My mother turned to Mooner. “Is this Walter Dunphy? My goodness, I haven't seen you in ages.”
“Dude!” Mooner said to my mother.
Then he and Grandma Mazur did one of those complicated handshakes I could never remember.
“We better get a move on,” Grandma said. “We don't want to be late.”
“I don't want a gown!”
“We're just looking,” my mother said. “We'll only spend a half hour looking, and then you can be on your way.”

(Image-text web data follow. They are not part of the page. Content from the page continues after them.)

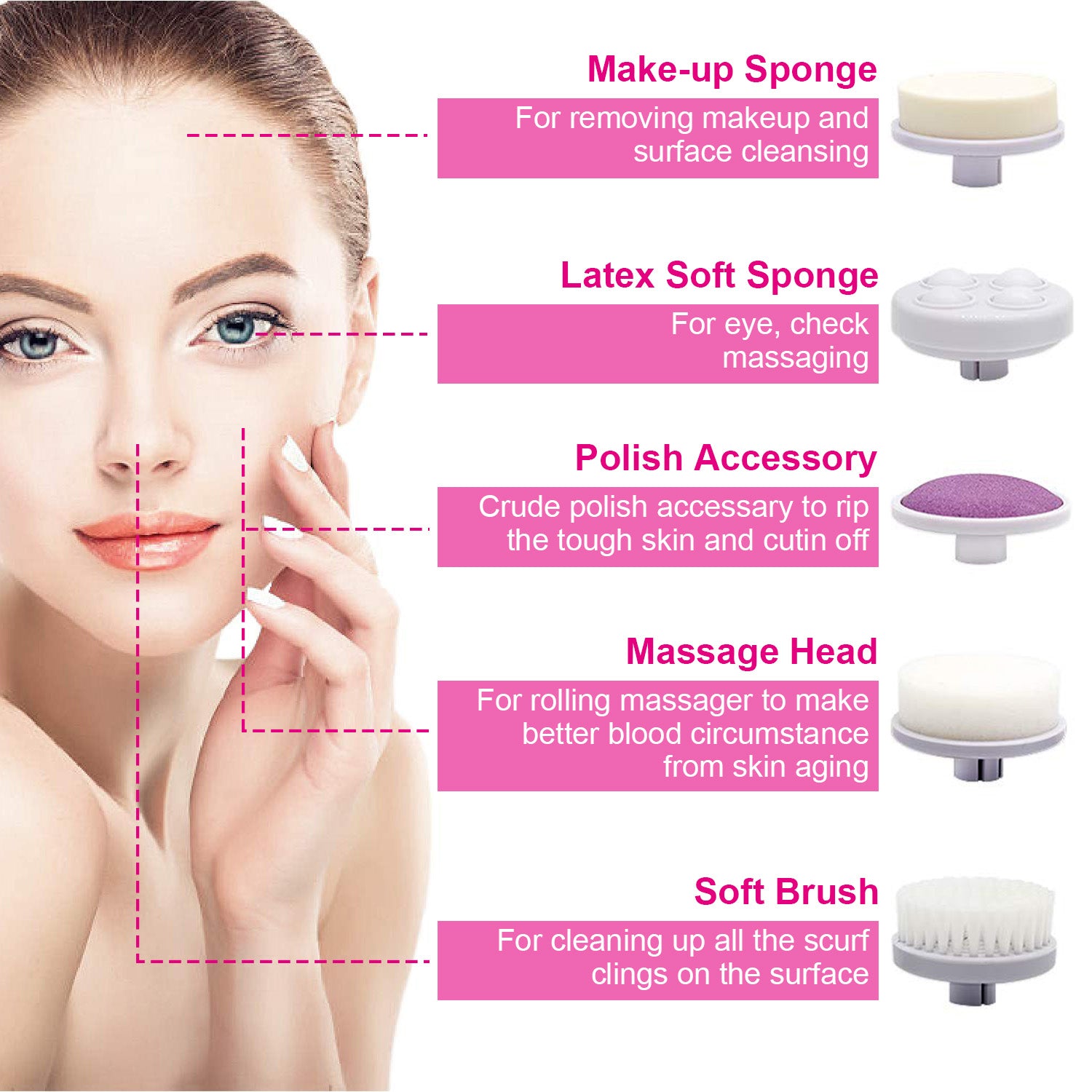 Waterproof Face Spin Cleansing Brush with 5 Heads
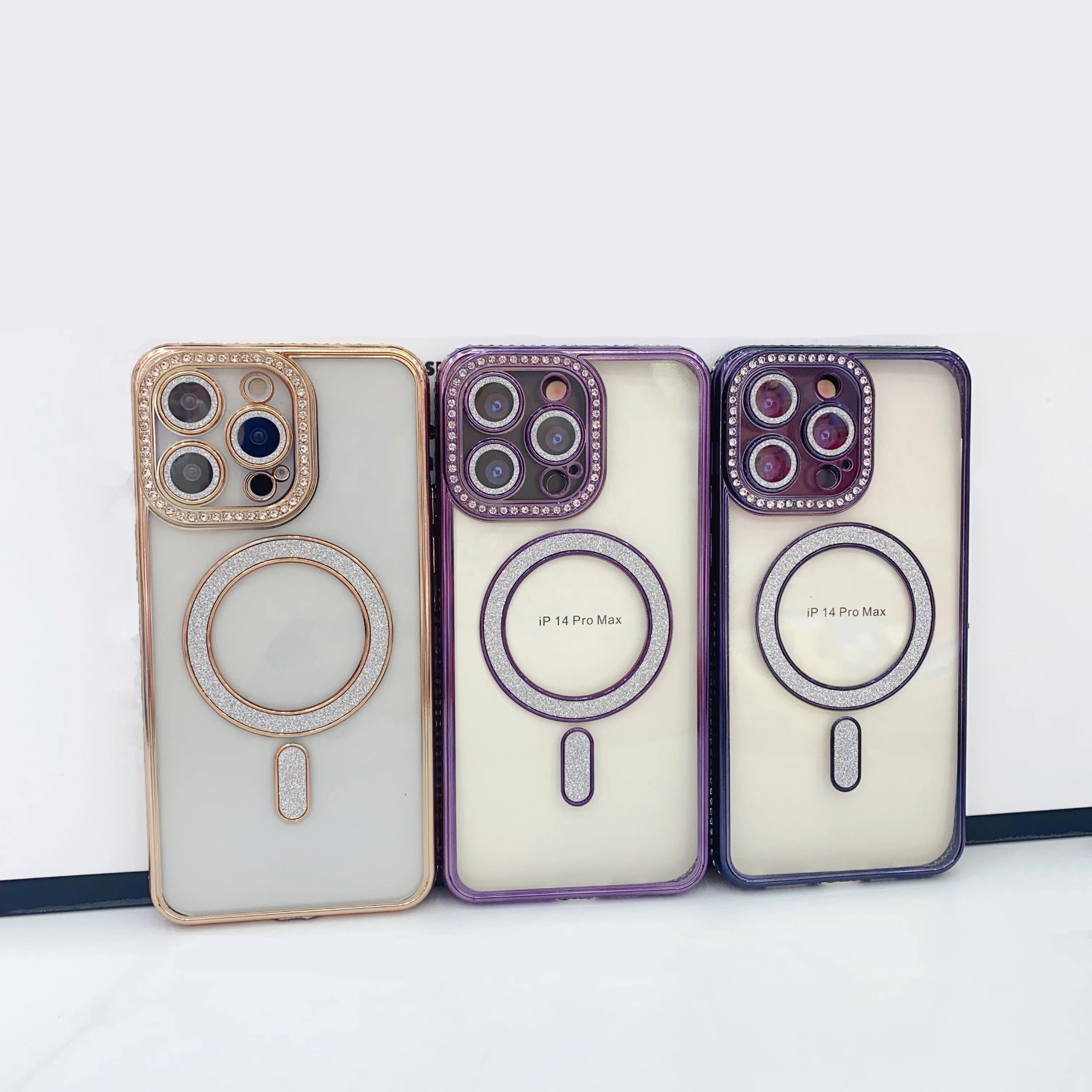 Electroplated Bright Diamond clear Phone Case Sparkling Powder Magnetic Ring Shockproof Luxury Case For iPhone 15 pro Max
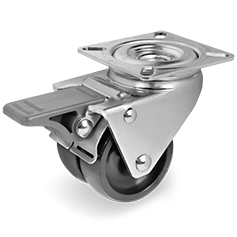 Polyamide 6 twin wheels, swivel top plate bracket for high carrying capacity with brake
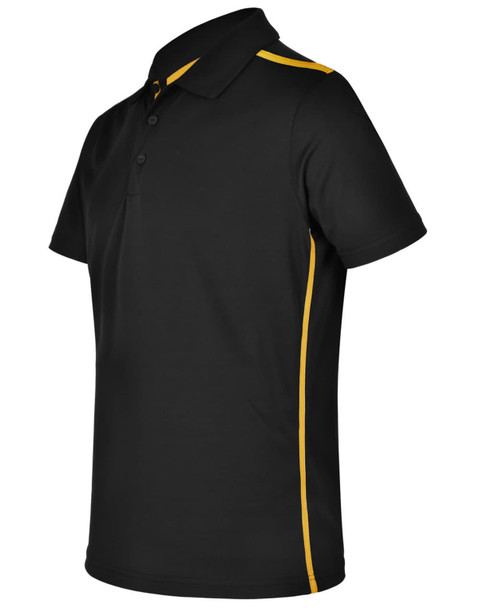 A black short sleeve polo shirt with contrasting yellow side stripes and a logo on the chest.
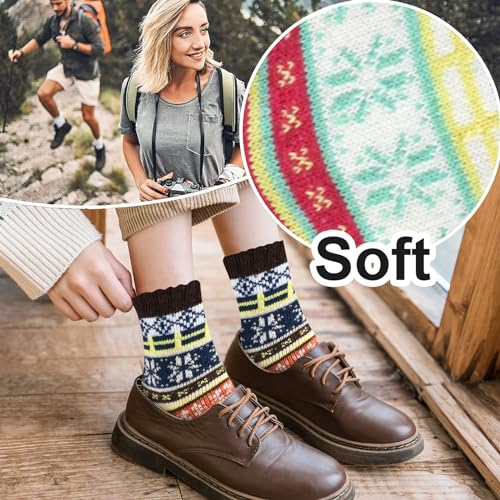 Image of kissleaf Thick Warm Fuzzy Socks for Women 5 Pairs Fluffy Cozy Womens Socks Winter Cute Slipper Socks for Women Gift
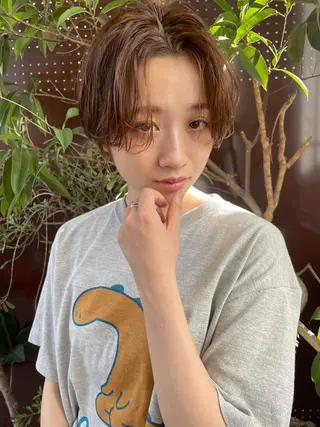 ショート カラー ボブ/レイヤー/ケア パーマ/リュウタのヘアスタイル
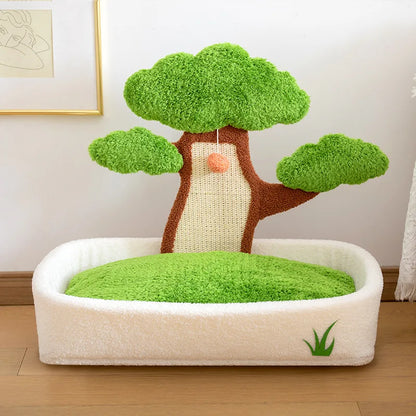 Lit et griffoir 2 en 1 pour chat, motif pin, avec coussin amovible et lavable, nid douillet toutes saisons.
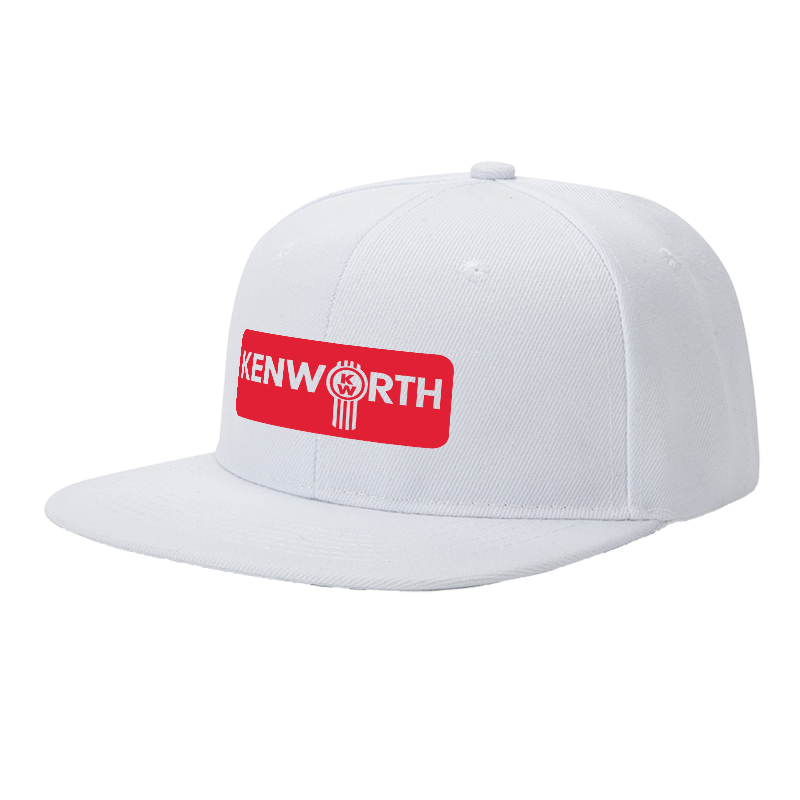 Flat Brim Baseball Cap Kenworth Logo Print Streetwear Underground Skate Style Basketball Court Skate Park Urban Outfit for Skaters Rappers Streetwear Enthusiasts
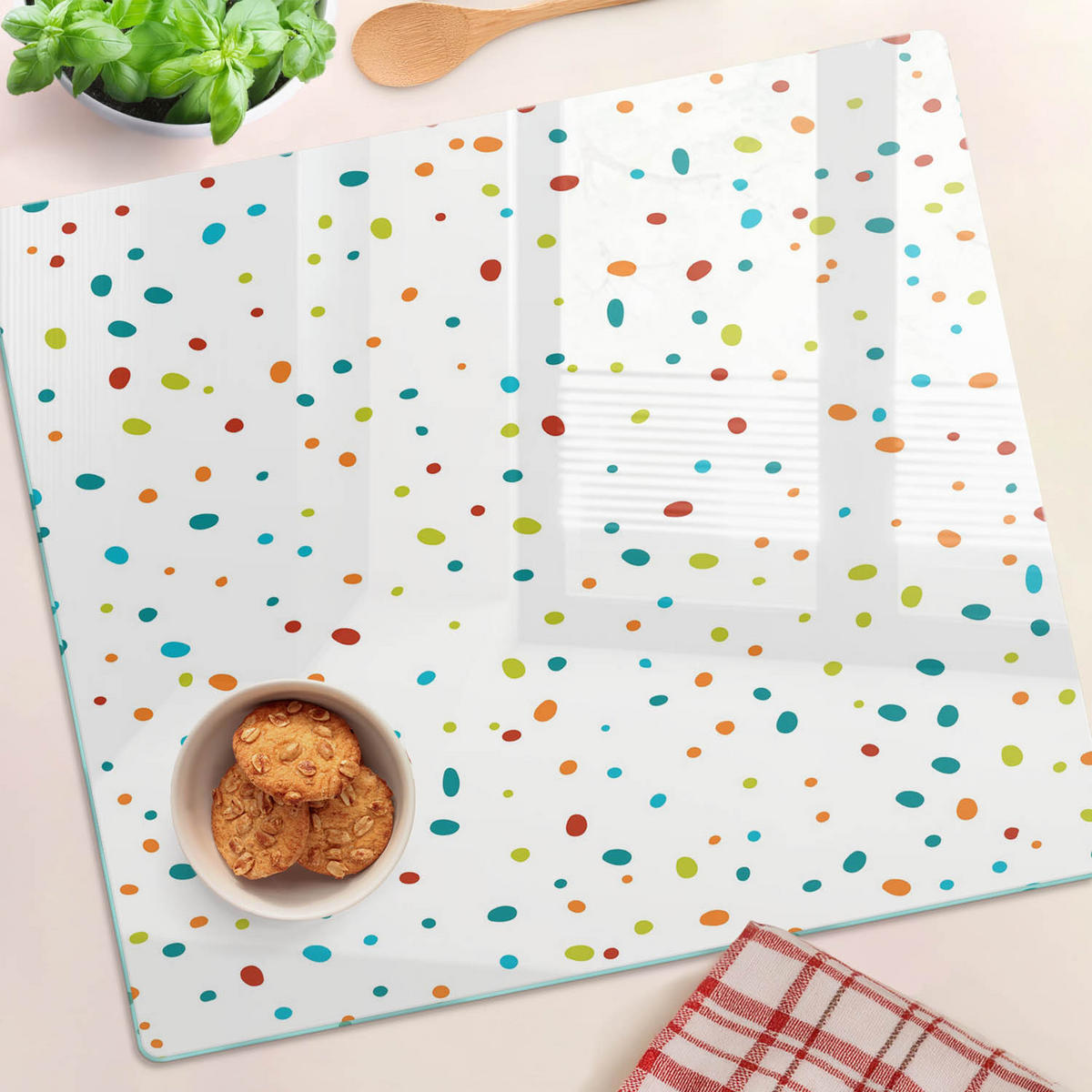 GLASPLATTE 60x52 cm Farbige Punkte - Multicolor, Glas (60/0.4/52cm) - TULUP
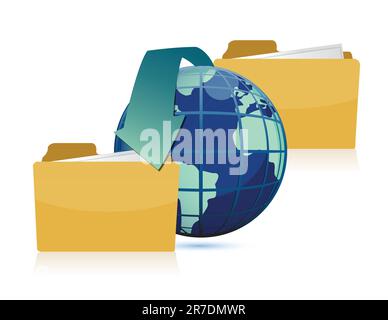 Date transferring around the world concept design Stock Vector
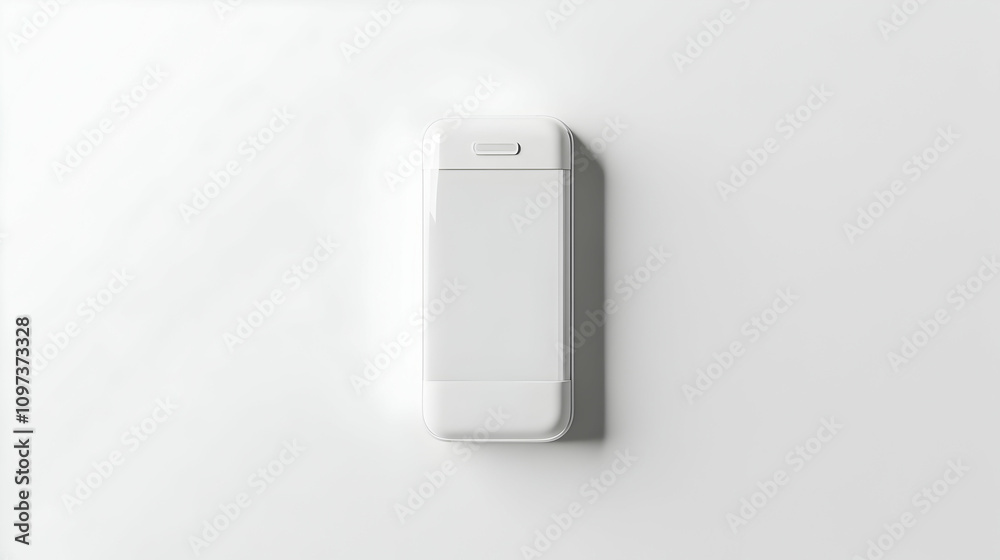 White rectangular device on white background. White rectangular device on white background.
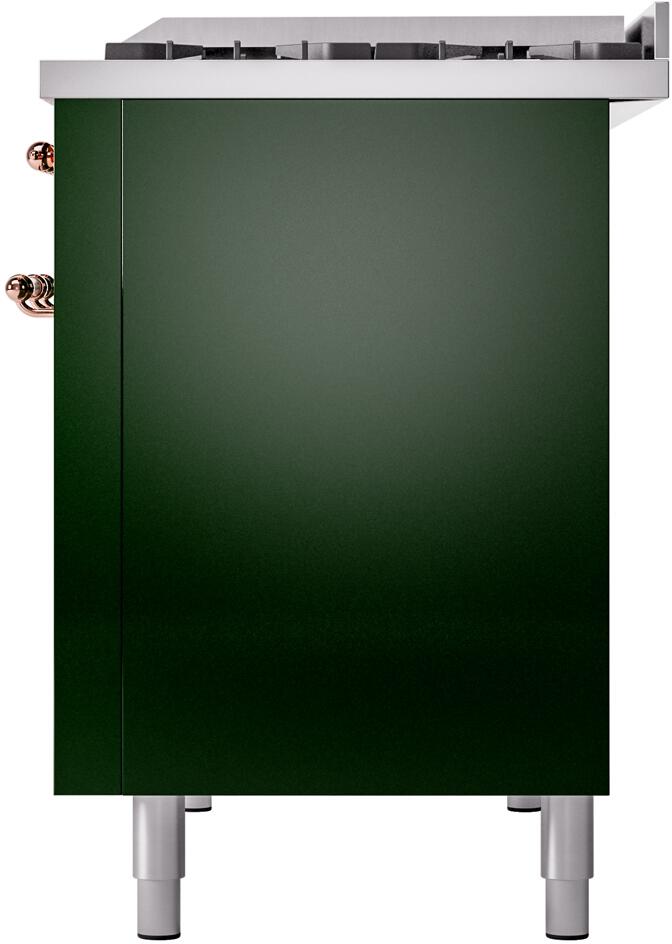 Nostalgie II 48 Inch Dual Fuel Liquid Propane Freestanding Range in Emerald Green with Copper Trim
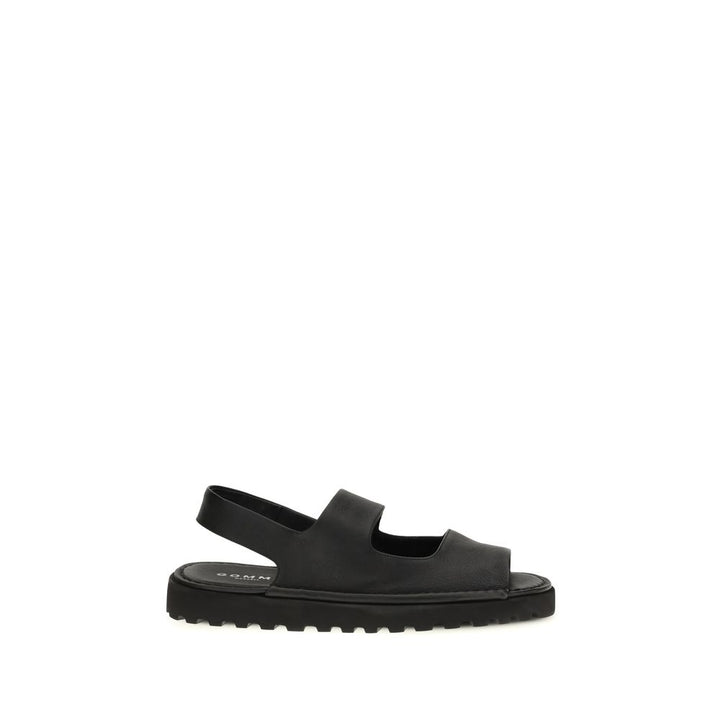 Marsell Black Calf Leather Bos Taurus Flat Sandals
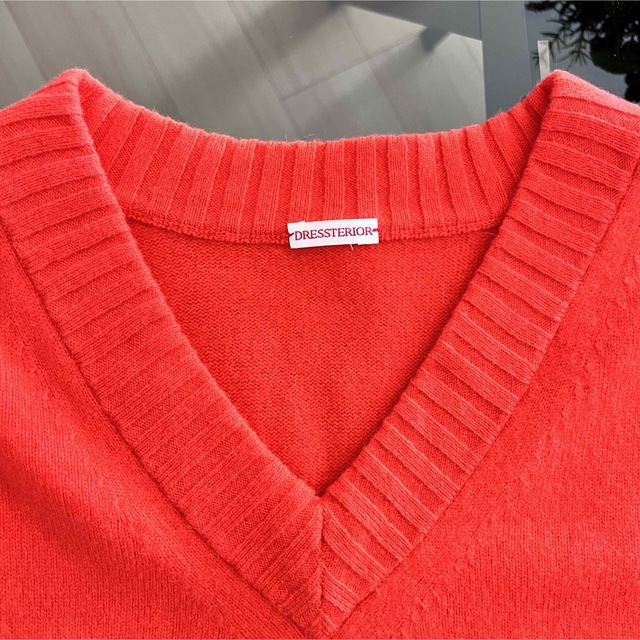 DRESSTERIOR/Vネック ニット 38 オレンジ ドレステリア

“Fine! A half hour. That's it. No more. And we're just looking.”
TINA'S BRIDAL SHOPPE is in the heart of the Burg. It occupies half of a red-brick duplex. Tina lives in a small apartment upstairs and conducts business in the bottom half of the house. The other half of the duplex is rental property owned by Tina. Tina is known far and wide as being a bitch of a landlady, and the tenants of the rental almost always leave when their year's lease expires. Because rental properties are scarce as hen's teeth in the Burg, Tina never has a problem finding hapless victims.
“It's you,” Tina said, standing back, eyeballing me. “It's perfect. It's stunning.”
I was all decked out in a floor-length satin gown. The bodice had been pinned to fit, the scoop neckline showed just a hint of cleavage, and the full bell skirt had a four-foot train.
“It is lovely,” my mother said.
“Next time I get married I might get myself a dress just like that,” Grandma said. “Or I might go to Vegas and get married in one of them Elvis churches.”
“Dude,” Mooner said, “go for it.”
I twisted slightly to better see myself in the three-way mirror. “You don't think it's too . . . white?”
“Definitely not,” Tina said. “This is cream. Cream is very different from white.”
I did look good in the gown. I looked like Scarlett O'Hara getting ready for a big wedding at Tara. I moved around a little to simulate dancing.
“Jump up and down so we can see how it'll look when you do the bunny hop,” Grandma said.
“It's pretty, but I don't want a gown,” I said.
“I can order one in her size at no obligation,” Tina said.
“No obligation,” Grandma said. “You can't beat that.”